O relatório sobre o estado da coesão na UE (março, 2024) confirma que a política de coesão desempenhou um papel essencial na melhoria global dos indicadores económicos, sociais e de emprego, contudo, regista perda de competitividade de algumas regiões ricas e persiste o atraso das regiões desfavorecidas. Os desafios tendem a ser mais agudos nas regiões rurais e pouco povoadas, caso do Interior português.

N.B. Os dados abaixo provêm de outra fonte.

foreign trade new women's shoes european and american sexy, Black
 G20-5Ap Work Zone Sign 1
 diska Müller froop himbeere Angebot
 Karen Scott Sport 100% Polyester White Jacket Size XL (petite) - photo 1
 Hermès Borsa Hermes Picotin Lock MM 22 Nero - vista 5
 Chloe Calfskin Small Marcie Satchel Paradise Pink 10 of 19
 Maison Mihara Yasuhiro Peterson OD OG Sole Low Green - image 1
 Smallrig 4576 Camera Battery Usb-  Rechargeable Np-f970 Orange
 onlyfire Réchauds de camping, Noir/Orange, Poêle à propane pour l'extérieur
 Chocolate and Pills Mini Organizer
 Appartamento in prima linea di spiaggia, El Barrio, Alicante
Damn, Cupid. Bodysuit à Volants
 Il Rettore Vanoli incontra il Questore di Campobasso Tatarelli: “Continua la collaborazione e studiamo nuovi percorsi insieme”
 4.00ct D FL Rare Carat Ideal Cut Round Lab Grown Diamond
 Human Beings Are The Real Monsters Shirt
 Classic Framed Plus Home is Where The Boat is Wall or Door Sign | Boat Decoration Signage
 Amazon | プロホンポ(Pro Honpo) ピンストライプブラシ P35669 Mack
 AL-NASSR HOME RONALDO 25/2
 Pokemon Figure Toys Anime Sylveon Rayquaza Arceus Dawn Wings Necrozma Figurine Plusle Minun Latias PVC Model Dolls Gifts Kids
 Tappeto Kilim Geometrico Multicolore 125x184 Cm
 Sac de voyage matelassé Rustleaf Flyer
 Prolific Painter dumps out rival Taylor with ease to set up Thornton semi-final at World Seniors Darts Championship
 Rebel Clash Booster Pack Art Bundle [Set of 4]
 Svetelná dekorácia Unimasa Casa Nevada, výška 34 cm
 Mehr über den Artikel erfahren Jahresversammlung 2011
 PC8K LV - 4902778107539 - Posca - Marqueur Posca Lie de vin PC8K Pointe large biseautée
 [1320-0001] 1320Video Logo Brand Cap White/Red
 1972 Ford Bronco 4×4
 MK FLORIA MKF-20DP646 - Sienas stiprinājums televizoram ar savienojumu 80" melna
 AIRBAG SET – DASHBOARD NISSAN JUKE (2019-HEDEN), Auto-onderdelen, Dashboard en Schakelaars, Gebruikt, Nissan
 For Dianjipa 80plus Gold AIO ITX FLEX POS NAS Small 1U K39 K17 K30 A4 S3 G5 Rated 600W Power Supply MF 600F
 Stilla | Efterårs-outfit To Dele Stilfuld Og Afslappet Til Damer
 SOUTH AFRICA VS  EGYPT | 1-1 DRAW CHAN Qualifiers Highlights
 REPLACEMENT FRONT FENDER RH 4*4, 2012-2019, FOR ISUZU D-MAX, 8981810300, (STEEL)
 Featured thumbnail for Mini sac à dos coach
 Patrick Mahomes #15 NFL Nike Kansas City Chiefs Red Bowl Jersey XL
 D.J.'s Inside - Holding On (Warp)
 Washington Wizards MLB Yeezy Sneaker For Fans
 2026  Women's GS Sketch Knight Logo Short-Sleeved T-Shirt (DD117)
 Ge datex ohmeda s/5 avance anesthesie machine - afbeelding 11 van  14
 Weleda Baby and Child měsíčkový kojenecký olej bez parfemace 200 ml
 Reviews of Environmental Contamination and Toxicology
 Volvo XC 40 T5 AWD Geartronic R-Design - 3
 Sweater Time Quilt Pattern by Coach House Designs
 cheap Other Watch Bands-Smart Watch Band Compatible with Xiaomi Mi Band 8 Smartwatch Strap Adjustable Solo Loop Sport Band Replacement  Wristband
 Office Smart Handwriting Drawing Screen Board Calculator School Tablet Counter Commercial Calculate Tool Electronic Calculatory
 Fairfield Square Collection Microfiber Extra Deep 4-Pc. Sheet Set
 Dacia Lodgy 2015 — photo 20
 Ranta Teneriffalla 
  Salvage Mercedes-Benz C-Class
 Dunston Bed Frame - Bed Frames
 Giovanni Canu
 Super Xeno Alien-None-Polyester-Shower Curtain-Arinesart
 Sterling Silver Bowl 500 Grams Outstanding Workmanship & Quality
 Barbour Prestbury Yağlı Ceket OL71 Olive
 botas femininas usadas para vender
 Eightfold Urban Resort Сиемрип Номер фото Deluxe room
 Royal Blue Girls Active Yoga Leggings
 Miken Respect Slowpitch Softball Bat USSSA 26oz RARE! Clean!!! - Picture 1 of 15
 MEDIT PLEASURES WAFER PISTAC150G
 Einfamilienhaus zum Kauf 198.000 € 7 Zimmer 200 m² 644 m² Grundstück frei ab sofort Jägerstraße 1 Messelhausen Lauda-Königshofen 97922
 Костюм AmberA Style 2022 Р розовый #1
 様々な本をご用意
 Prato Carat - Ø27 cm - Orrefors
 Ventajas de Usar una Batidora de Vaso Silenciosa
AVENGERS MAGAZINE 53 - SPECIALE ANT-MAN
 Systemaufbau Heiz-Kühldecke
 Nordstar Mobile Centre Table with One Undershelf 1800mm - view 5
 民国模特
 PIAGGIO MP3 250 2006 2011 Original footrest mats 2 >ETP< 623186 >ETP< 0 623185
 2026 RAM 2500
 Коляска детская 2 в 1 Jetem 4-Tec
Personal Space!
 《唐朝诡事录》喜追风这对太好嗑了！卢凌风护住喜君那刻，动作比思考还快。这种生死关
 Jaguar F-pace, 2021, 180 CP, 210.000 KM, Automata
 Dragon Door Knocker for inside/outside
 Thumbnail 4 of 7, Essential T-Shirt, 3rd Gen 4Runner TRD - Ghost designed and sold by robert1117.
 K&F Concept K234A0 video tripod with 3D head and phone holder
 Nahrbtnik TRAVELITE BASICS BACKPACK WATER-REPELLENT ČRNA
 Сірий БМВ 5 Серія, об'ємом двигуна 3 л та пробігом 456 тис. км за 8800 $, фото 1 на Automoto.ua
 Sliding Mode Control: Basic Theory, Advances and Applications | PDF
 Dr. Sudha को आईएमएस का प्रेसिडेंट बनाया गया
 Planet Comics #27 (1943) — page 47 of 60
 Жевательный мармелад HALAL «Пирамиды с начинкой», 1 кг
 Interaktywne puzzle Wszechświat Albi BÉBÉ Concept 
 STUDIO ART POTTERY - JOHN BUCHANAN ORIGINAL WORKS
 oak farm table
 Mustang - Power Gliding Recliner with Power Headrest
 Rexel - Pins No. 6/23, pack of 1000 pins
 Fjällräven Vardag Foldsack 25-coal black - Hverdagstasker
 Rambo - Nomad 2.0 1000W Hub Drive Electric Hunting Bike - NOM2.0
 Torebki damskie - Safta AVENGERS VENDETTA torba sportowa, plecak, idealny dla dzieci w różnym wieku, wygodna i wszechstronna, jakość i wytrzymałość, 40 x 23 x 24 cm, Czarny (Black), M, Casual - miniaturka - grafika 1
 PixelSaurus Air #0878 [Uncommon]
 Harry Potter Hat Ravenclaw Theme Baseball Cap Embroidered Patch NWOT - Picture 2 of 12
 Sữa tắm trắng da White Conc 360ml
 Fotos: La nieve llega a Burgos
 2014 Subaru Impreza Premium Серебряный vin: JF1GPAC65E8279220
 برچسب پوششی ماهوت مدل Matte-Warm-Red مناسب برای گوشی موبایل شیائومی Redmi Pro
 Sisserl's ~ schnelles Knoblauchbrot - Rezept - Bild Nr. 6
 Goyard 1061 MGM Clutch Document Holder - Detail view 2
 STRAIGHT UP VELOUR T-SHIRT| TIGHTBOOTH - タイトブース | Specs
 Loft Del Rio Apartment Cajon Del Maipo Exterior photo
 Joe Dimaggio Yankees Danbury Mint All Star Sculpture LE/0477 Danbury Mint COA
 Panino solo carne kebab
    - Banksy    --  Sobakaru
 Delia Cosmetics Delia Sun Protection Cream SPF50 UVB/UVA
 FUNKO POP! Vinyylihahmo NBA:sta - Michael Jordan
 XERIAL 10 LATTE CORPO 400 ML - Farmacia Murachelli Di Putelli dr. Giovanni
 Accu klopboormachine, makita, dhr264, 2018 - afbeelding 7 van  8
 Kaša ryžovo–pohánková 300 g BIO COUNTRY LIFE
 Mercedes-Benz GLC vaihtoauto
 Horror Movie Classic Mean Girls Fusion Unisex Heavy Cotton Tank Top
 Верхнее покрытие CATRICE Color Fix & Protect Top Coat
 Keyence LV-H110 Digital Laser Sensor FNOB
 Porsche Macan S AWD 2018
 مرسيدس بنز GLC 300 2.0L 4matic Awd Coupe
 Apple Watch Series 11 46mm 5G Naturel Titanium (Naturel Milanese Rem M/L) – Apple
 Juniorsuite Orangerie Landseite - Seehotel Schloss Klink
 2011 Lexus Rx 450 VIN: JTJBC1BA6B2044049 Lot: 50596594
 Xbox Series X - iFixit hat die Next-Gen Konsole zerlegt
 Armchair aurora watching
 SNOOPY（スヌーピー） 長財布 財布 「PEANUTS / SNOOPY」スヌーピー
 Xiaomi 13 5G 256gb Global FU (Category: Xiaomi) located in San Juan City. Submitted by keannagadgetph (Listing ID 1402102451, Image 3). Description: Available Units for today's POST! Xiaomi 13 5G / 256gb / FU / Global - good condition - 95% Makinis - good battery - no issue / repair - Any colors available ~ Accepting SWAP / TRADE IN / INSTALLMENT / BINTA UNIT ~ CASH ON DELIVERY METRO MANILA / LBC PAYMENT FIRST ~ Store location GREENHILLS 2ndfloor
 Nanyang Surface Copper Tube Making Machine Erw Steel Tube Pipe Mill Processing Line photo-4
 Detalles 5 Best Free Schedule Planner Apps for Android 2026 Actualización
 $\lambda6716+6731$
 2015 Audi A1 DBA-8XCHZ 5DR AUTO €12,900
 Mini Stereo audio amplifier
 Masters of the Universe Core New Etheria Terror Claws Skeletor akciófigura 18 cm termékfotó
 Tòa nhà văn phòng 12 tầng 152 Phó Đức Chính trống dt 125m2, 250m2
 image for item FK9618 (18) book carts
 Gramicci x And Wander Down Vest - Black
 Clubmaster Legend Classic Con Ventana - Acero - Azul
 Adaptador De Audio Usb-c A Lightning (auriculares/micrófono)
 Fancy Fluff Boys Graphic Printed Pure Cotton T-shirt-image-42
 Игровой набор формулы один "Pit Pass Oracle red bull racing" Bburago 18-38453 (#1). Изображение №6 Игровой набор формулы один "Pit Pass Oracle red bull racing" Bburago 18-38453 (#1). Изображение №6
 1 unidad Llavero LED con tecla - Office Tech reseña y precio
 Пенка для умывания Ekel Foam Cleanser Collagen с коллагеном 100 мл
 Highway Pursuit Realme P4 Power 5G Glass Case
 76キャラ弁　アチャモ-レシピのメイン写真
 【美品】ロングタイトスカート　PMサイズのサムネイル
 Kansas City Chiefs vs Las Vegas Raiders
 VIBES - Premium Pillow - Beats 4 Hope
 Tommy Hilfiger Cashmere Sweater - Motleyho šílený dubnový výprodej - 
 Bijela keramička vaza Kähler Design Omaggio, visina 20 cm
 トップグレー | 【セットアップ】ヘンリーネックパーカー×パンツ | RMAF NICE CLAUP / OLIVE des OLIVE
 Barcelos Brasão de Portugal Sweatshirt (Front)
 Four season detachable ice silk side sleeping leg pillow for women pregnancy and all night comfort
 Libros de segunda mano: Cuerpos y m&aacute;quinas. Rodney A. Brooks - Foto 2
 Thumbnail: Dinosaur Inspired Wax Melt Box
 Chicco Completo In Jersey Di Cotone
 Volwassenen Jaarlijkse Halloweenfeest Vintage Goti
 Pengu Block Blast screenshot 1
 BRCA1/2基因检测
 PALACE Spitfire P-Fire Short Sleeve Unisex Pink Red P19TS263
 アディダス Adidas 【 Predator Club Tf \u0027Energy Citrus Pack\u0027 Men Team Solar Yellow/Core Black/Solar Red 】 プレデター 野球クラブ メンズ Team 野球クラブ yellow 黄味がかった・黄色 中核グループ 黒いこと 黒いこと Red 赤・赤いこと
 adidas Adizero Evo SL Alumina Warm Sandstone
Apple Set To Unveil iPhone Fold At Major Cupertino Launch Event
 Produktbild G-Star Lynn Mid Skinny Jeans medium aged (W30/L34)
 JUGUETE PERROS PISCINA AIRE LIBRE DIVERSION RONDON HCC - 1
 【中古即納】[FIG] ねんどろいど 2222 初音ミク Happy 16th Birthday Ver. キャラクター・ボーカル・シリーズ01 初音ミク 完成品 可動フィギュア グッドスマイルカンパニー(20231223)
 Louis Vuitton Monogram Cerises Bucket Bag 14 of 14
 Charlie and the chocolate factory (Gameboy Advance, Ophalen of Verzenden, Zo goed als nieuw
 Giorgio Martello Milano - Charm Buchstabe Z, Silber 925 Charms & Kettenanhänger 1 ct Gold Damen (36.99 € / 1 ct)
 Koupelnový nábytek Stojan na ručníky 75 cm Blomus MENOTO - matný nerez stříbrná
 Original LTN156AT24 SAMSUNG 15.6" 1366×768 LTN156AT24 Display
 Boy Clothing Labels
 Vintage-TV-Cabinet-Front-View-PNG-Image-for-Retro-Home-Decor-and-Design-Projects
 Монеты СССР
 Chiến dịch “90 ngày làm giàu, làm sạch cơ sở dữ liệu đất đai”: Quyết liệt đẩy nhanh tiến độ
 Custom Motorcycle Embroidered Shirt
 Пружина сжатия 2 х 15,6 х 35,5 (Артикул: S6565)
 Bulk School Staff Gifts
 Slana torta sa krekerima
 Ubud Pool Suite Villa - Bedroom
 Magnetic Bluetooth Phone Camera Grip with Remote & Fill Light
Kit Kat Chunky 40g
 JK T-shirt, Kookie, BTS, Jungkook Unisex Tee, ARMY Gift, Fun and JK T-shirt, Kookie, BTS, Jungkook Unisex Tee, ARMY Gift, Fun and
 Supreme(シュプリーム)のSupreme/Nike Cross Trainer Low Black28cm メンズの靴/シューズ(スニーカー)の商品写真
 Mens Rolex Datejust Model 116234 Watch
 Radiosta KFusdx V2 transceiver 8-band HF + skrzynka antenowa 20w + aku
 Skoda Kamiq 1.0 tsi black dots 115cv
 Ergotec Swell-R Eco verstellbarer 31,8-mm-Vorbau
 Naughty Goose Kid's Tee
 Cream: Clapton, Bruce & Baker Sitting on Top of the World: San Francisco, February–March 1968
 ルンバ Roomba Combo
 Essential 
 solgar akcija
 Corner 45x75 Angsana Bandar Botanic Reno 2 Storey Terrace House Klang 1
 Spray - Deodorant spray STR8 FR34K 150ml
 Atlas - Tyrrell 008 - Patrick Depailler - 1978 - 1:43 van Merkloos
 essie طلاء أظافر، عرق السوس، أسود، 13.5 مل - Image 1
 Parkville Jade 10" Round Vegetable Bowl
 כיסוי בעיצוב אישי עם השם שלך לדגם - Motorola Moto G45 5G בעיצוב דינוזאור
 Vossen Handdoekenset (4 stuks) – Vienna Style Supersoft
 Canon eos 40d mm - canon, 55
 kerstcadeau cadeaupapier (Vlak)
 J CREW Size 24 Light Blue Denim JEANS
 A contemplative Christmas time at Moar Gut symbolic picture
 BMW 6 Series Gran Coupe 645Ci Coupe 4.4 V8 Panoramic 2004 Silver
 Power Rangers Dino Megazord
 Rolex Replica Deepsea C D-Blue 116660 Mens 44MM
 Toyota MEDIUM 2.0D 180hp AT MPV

É neste contexto que na Europa se debate o ciclo de programação futuro, após 2027, ecoando vozes que defendem um modelo de gestão mais centralista dos fundos europeus, a exemplo do modelo do PRR que, contudo, teve a sua especificidade circunstancial. Um tal eco preocupa-nos porque indicia um modo redutoramente tecnocrático de ver as coisas. Com base no histórico, parece evidente que a política centralizada dos fundos num país com um modelo de organização centralista como o português pode traduzir-se num retrocesso e num desajustamento das decisões à realidade do território.
Vencer o atraso europeu
O fosso de competitividade entre a UE e as principais superpotências mundiais é referido no relatório Draghi de setembro de 2024, recomendando mais investimento em ciência e inovação para responder aos desafios da transformação digital e ecológica, da segurança e defesa, da demografia e envelhecimento. Reforça a visão do relatório Letta de abril de 2024 sobre o mercado único europeu e está em sintonia com as orientações políticas Europe’s Choice, 2024-2029, de Ursula von der Leyen.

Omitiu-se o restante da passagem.